The second charge, child abuse, alleged that Sanchez permitted “the person and health of said child to be injured and did willfully cause and permit said child to be placed in such situation that his/her person and health was/were endangered.”
The charges are the lastest development in a saga for the disgraced former director who was caught on video spanking his stepson with a belt earlier in the month.
If found guilty on the two counts, Sanchez could face up to six years in prison apiece.
The charges stem from a video filmed by Heber resident Oscar Lopez that showed Sanchez spanking his stepson with a belt for, what was believed at the time, refusing or failing to catch a ball.
The video, which was posted on YouTube, was later turned over the Imperial County Sheriff’s office. Immediately after the video spread over the internet, calls for Sanchez’s resignation and other threats followed. After a couple of days, the Sheriff’s office arrested Sanchez under felony child abuse charges.
This led to the charges filed last week. Sanchez is due to be arraigned on July 10th.
Some in support of Sanchez, including attorney Ryan Childers, say that because of Sanchez’s position within the community, that the District Attorney is attempting to make an example out of the former director.
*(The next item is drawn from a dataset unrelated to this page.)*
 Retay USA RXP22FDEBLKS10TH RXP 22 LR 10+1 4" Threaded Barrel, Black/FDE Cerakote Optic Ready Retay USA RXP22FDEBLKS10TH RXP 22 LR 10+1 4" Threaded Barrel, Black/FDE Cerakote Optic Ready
Childers hoped that judge for the July 10th arraignment would take into account Sanchez’s public service and lack of criminal record into account and lower the charges accordingly.
The child’s maternal grandfather, Terry Grammar, also said that the child in question suffers from ADHD and sometimes only responds to a spanking.
Sanchez’s resignation also created a deadlock within the rest of the Imperial Irrigation District’s board of directors. Sanchez had been part of a three-person voting block with directors Stella Mendoza and John Pierre Menvielle in philosophical opposition to directors Matt Dessert and Jim Hanks.
While the Imperial County Board of Supervisors could have appointed a director after Sanchez’s resignation, they chose to follow the request of the IID and hold a special election this November for the seat.
Sanchez represented parts of Calexico in addition to Heber and Holtville.